Dylan McDermott was encouraged in his acting career by his stepmother, playwright Eve Ensler. Once he started getting film roles, McDermott swung from successes like Steel Magnolias to flops like Where Sleeping Dogs Lie. Highlights include In the Line of Fire with Clint Eastwood and Hamburger Hill. On television, McDermott had more success, spending several seasons on David E. Kelley's The Practice.
Born Mark Anthony McDermott on October 26, 1961, in Waterbury, Connecticut, Dylan McDermott's mother passed away when he was 5 years old, leaving him in the care of his grandmother. At the age of 17, he moved to New York City to live with his father, who owned several Irish pubs in Greenwich Village.

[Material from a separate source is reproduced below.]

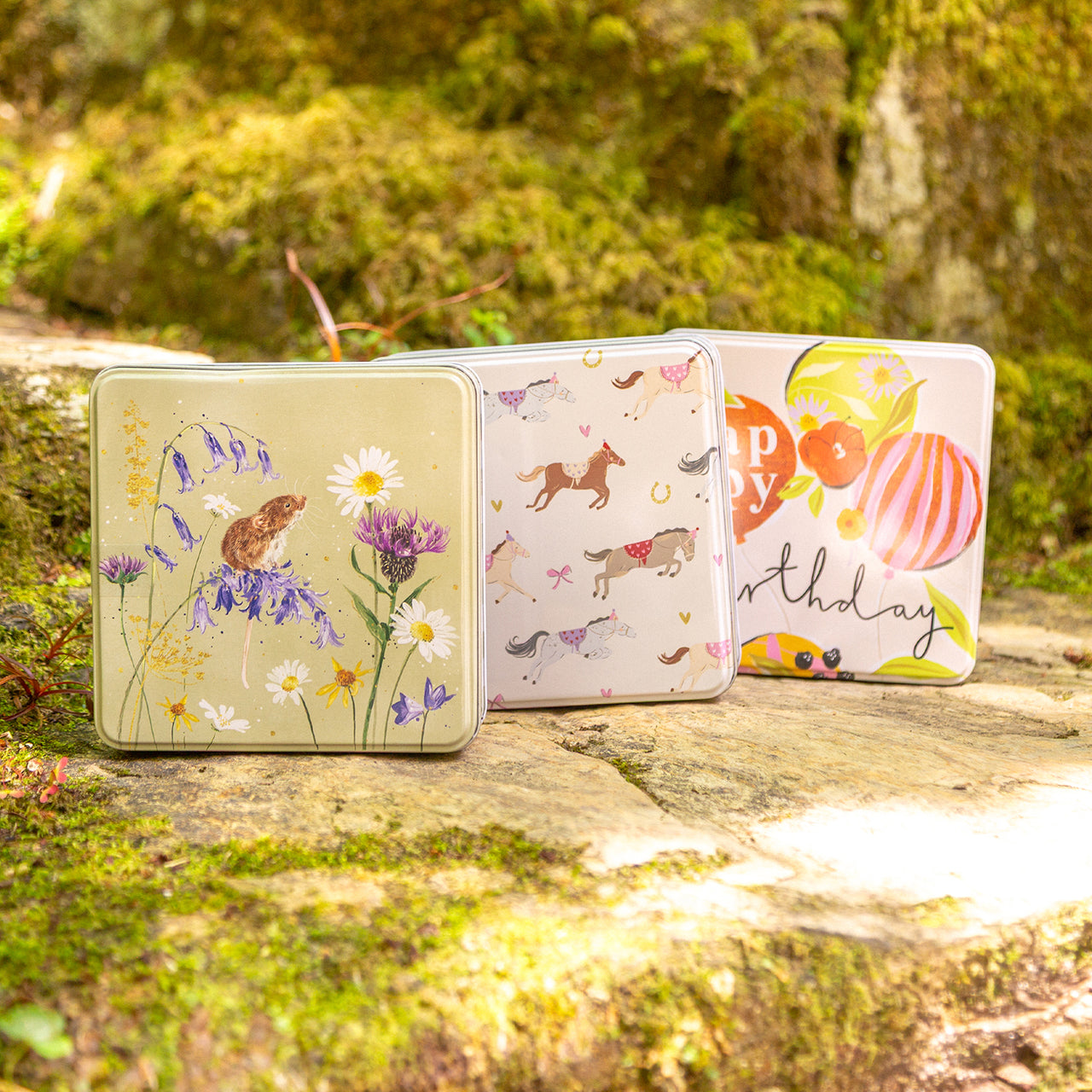 Notelet Tin-MWT63 - Country Creatures Notelet Tin-Whistlefish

McDermott's world opened up to the intrigue of theatre and acting when his father married successful playwright Eve Ensler. Sensing the potential of her stepson (whom she eventually adopted), Ensler wrote a part for the young McDermott into her play Believe It, See It, Survival. Shortly thereafter, he enrolled as a drama major at Fordham University, then continued studying with Sanford Meisner at the Neighborhood Playhouse.

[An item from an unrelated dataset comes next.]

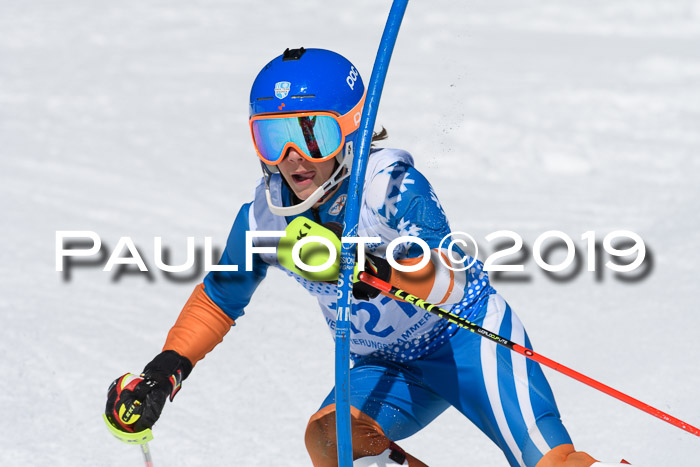 SVM U14/U16 Slalom 17.02.2019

Upon completion of his studies, Dylan McDermott dove headfirst into the New York theatre scene, making his Broadway debut in a 1985 production of Neil Simon’s Biloxi Blues. His impressive portrayal of Wykowski Selridge got him noticed, then cast in director John Irvin's raw Vietnam drama Hamburger Hill, for which he had to undergo several months of rigorous military training to prepare. Unfortunately, McDermott followed up his effective performance with several lukewarm roles: the 1988 comedies The Blue Iguana and Twister, and television's The Neon Empire and Into the Badlands were all duds. This would set the pattern of McDermott's roller-coaster ride of a career for the next few years-alternating successes with disappointments.
Career Ups and Downs
McDermott's next film role, in 1989's Steel Magnolias, pushed him into the spotlight as both the on-and-off-screen love interest of the comely Hollywood newcomer Julia Roberts. Their engagement following completion of the film ended abruptly when Roberts fell for co-star Keifer Sutherland on the set of her next film, Flatliners. Despite the incident, the movie's success made McDermott a recognizable Hollywood name. The actor subsequently weathered more flops with Hardware and Where Sleeping Dogs Lie to finally capture a small but exciting role alongside Clint Eastwood in the critically acclaimed action/drama, In the Line of Fire.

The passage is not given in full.